Luke Bocock, Research Director

Luke Bocock, Research Director | National Foundation for Educational Research

3 min read Partner content

A strategy for reversing the decline in youth apprenticeships is one of the vital ingredients missing from UK skills policy

Education and skills are important drivers of productivity, and employers can ill afford escalating skills gaps in their workforce and growing challenges in finding suitably skilled staff when recruiting1. But research by NFER for The Skills Imperative 2035: Essential skills for tomorrow’s workforce suggests this is a likely consequence of anticipated changes in the structure of the labour market, unless urgent action is taken.2  In response, we need to increase the flow of suitably skilled young people into priority sectors, overcoming the challenge of rising youth unemployment and economic inactivity.3  We must also mitigate the risk that withdrawing funding from Applied General Qualifications which ‘overlap’ with T-Levels will leave many disadvantaged young people stranded without suitable post-16 qualification options.

Apprenticeships form a key pillar in the government’s reformed technical offer to young people, which is becoming, primarily, apprenticeships, T-Levels and the T-Level Foundation Year. However, gone are the days when apprenticeships provided stable and secure routes into employment for over a third of teenage boys, and a sizeable proportion of girls. Apprenticeships in the UK are now largely taken by workers already in the labour market, rather than young people transitioning into work4. Less than 1 in 20 16-18-year-olds are now apprenticesand starts have dropped dramatically in recent years, particularly among young people from deprived areas.

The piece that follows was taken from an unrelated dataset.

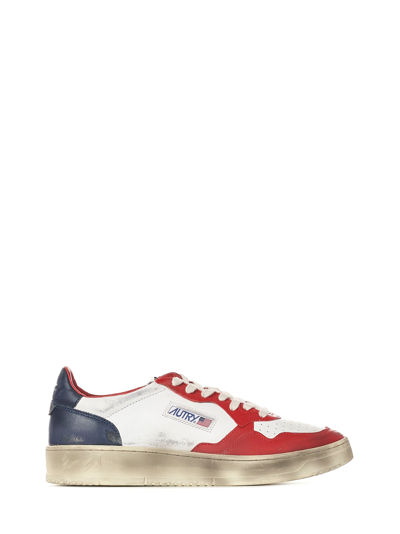 Shop Autry Sneakers In White Red Blue
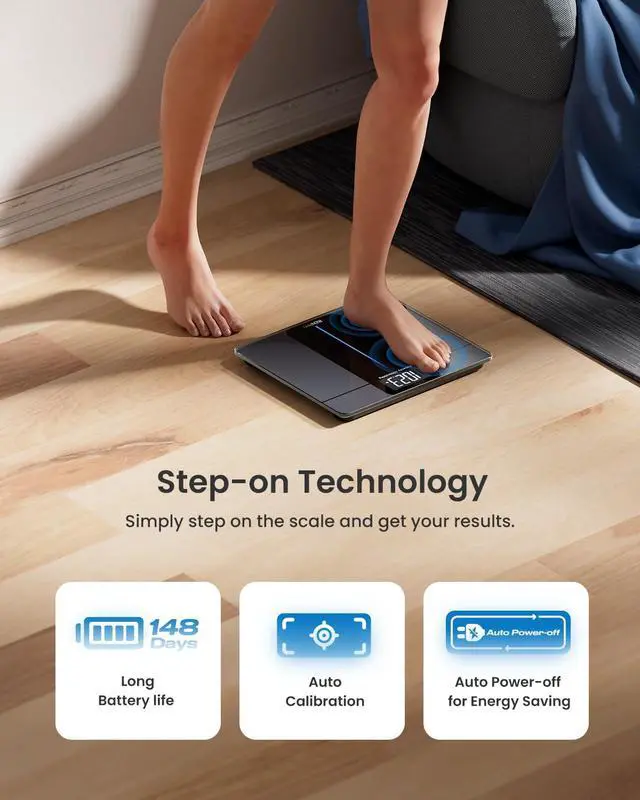 Alt view image 7 of 7 - 550lb Scale for Body Weight, Digital Bathroom Scale with Large LED Display, Big Platform Weighing Machine with Extra-High Capacity, Most Accurate to 0.05lb, 13x11.8in, Core 1L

In 2015/16 over 130,000 under 19 year-olds started apprenticeships, but this figure has dropped to around 78,000, despite the returns to apprenticeships being considerably higher among young people6 and apprentices with Level 2 or 3 qualifications earning more, at the age of 28, than people who leave education with vocational or academic qualifications at the same level.7  Apprenticeships pay off for young people. We need a strategy for reversing their decline.

On the demand-side, the government has increased the apprenticeship minimum wage, but this needs to be followed up. Research by NFER suggests one way is by extending the 16-19 bursary fund so that it can be used to fund travel costs for apprentices from disadvantaged backgrounds. A further way is to change the rules that prevent the families of young apprentices from claiming child benefit, given this does not apply to the families of young people taking classroom-based courses.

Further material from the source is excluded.